Monday, November 23, 2009

N'Gor Right

About 45 years ago, two Californians and a film crew flew to Dakar and introduced surfing to West Africa . The first spot they tried was a right wave breaking along the edge of N’Gor Island, visible from their room at the Hotel Meridien on Dakar ’s mainland. The fishermen in their trademark Senegalese boats paddled to the channel to watch the never-before-seen spectacle. The moment, immortalized in the classic surf film Endless Summer, is widely believed to have kicked off the new age of modern surf travel.

After six weeks in Dakar , I finally made it out to N’Gor with my surfboard yesterday. Instead of paddling, as my Californian predecessors had done, there are now 30-foot motorized pirogues ferrying tourists to and fro between the island and the peninsula nearly for free. There are also a handful of smaller, slightly more expensive boats catering specifically to surfer travelers that will drop you off right in the channel next to the wave.

I picked the giant pirogue, which, after a surprisingly smooth ride, dropped me off on a quiet beach lined with palms and a couple of quaint restaurants commanding an incredible view of the bay and the northern edge of Dakar . The streets are narrow, cobble and sand alleyways between stone buildings with flowering vines. A five minute walk through the very pleasant maze brings you past private homes, seaside restaurants and a guesthouse before placing you on a low wall stretching toward the inside of the N’Gor reef.

The water is clear and turquoise like the Caribbean . The waves crash as white as bone over the reef, wrapping for a hundred yards around the point. This is a very small day for N’Gor, the locals tell me, but the swells are well overhead, and the surfers look like small black dots as they drop in. I try to imagine what it must have been like for the first surfers on this point in 1964 – big waves, unknown land, gawking fishermen, huge long boards without leashes.

The boys from Endless Summer got some great waves, but didn’t stay long due to a pressing round-the-world itinerary. But they clearly made a lasting impression. Here in West Africa – not exactly the first place that comes to mind when you mention ‘surfing’ – the water is filled with their legacy.

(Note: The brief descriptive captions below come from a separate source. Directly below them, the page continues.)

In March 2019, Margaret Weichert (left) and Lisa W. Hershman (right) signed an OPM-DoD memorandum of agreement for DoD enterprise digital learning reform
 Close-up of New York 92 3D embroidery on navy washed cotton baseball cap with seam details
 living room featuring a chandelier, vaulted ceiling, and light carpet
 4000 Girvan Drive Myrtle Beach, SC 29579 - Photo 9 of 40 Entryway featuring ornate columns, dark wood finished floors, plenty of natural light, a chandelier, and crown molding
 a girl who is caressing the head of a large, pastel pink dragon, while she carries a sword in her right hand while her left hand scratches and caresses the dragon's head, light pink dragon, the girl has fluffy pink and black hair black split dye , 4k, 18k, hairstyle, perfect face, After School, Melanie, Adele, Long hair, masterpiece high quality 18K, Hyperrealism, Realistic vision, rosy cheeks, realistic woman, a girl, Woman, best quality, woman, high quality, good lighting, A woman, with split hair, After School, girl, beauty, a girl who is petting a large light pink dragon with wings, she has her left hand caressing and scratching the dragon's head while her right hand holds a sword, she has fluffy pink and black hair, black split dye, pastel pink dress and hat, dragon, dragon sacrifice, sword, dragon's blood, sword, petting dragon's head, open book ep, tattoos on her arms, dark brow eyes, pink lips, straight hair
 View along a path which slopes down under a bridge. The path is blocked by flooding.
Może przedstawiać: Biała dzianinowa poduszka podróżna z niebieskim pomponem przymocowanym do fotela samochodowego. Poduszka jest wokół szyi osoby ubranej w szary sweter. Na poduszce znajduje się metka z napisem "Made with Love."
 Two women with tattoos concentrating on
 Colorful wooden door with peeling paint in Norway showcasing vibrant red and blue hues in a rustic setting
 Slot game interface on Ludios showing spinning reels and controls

I watch as a local surfer, a kid of about 18 from the village of N’Gor across the bay, paddles out beyond the pack to the peak,, clearly the alpha dog out here. Whitewater swirls all around him and the tip of a jagged rock dubbed ‘Mami’ protrudes a few feet away, sending chills down my spine. A set comes in on cue and he spins around, stroking into the steepest part of the wave and dropping down the face as it curls over him, his buddies from the village shouting encouragement in Wolof from the channel. This is pure joy, a gift perhaps from the good old USA .

A fisherman slows his boat to watch.